§ Goal of the exercise: Tell how many lines in the data below hold the string "Cream"; give nothing but the number.

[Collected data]

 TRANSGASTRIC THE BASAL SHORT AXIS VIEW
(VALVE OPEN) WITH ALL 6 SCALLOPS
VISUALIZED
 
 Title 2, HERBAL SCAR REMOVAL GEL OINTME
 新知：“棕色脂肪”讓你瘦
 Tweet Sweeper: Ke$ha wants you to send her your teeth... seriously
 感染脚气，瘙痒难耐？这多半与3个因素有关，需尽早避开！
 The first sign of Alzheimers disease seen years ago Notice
---
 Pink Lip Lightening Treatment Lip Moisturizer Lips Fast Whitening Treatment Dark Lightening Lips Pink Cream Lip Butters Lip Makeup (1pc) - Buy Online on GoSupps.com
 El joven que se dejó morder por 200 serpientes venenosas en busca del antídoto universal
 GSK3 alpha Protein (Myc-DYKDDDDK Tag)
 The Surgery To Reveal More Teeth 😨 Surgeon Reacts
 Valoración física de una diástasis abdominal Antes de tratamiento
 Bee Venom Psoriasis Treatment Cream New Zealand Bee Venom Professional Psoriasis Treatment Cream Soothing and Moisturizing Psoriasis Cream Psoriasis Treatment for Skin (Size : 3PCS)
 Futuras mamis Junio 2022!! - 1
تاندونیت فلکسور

§ Final answer: 2